Tentang Kursus Demokrasi, Toleransi, dan Advokasi (KUDETA) Lembaga Advokasi dan Pendidikan Anak Rakyat Sulawesi Selatan

Latar Belakang KUDETA

Di Indonesia, keberagaman menjadi salah satu ciri khas yang menjadi kekuatan bangsa. Namun, persoalan toleransi dan keberagaman menjadi isu yang terus muncul dan perlu mendapat perhatian serius. Data yang dirilis oleh Komnas HAM pada 2020 menunjukkan bahwa terdapat 155 kasus pelanggaran hak asasi manusia (HAM) yang didasarkan pada agama dan kepercayaan, dengan mayoritas terjadi di Papua dan Maluku. Di sulawesi selatan juga masih kerap terjadi kasus intoleransi. Pada tanggal 28 Maret 2021, gereja katedral di Makassar, Sulawesi Selatan, menjadi sasaran serangan teror yang melukai sebanyak 20 orang warga. Pelaku diduga merupakan anggota jaringan teroris. Serangan ini menunjukkan adanya kasus intoleransi di Sulawesi Selatan yang berkaitan dengan kebebasan beragama dan keamanan di tempat ibadah.

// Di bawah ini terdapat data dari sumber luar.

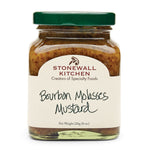 Stonewall Bourbon Molasses mustard 227g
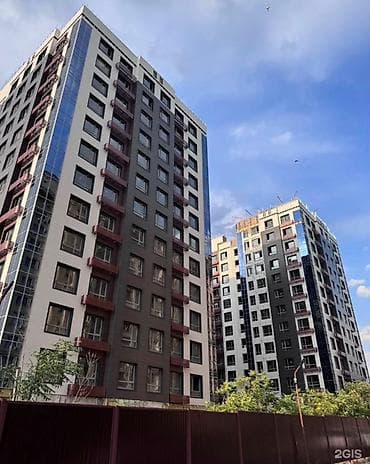 130000: 3 комнаты, 94 м², 3 этаж, ПСО (под самоотделку) — 3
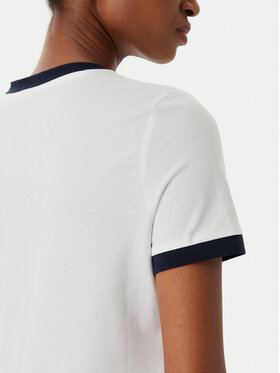 Guess Guess Футболка V6GI08 K2975 Білий Regular Fit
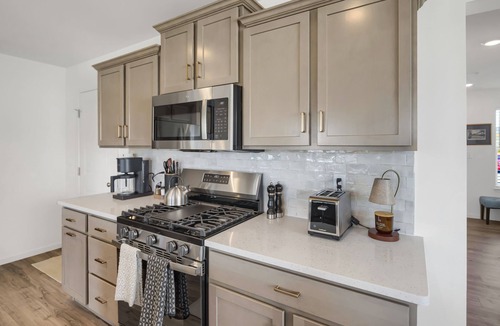 State College House | Brand New, End Unit Townhome with finished basement, close to Beaver Stadium!
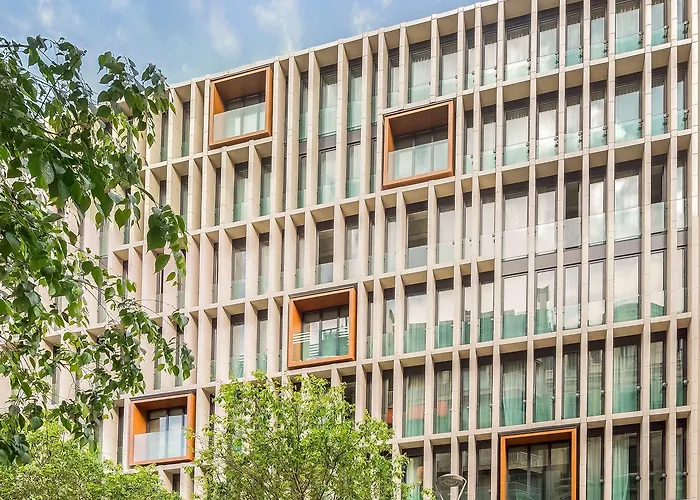 Hotel Ohla Eixample 5*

Selain serangan teror di Gereja katedral Makassar, ada beberapa kasus intoleransi agama lainnya yang terjadi di Sulawesi Selatan. Pada tahun 2019, Gereja di Kabupaten Sigi diserang oleh sekelompok orang yang tidak dikenal. Selain itu, terdapat juga beberapa kasus diskriminasi terhadap minoritas agama, seperti Muslim Ahmadiyah dan Syiah. Survei yang dilakukan oleh Indonesia Survey Institute pada tahun 2020 menunjukkan bahwa 47,7 persen responden mengalami diskriminasi dan kekerasan verbal di media sosial yang didasarkan pada agama atau suku.

Selain itu, intoleransi juga menyasar perempuan sebagai korban. Pada tahun 2020, Data dari Komnas Perempuan, menunjukkan bahwa intoleransi dan kekerasan terhadap perempuan yang didasarkan pada agama atau budaya masih menjadi masalah yang perlu diatasi. Pada tahun yang sama, terdapat 379 kasus kekerasan terhadap perempuan yang didasarkan pada agama atau budaya. Data tersebut menunjukkan bahwa intoleransi terhadap perbedaan masih menjadi masalah serius di Indonesia. Hal ini mengancam keamanan dan keselamatan masyarakat serta menghambat kemajuan bangsa.

Bukan hanya persoalan toleransi yang menyulut perhatian di Indonesia, persoalan demokrasi yang saat ini berjalan di Indonesia juga belum bisa dirasakan oleh kebanyakan masyarakat, khususnya komunitas lokal dan kelompok marjinal. Masih terdapat beberapa komunitas lokal dan kelompok marjinal yang tidak mendapatkan keadilan dalam sistem demokrasi. Salah satu contohnya adalah komunitas adat yang masih menghadapi banyak kendala dalam mempertahankan hak-hak adat mereka. Meskipun undang-undang telah memberikan pengakuan terhadap hak-hak adat, namun seringkali terjadi konflik kepentingan dengan pihak lain seperti perusahaan atau pemerintah yang merampas tanah dan sumber daya alam yang menjadi tempat tinggal atau mata pencaharian masyarakat adat. Terdapat juga kelompok miskin dan tidak mampu yang belum mendapatkan hak-hak yang seharusnya dipenuhi dalam sistem demokrasi, seperti hak atas pendidikan dan kesehatan yang layak serta hal hidup lainnya. Masih banyak daerah di Indonesia yang terisolasi dan kurang terjangkau oleh pemerintah, sehingga masyarakat di daerah tersebut tidak mendapatkan akses yang sama dan berkeadilan.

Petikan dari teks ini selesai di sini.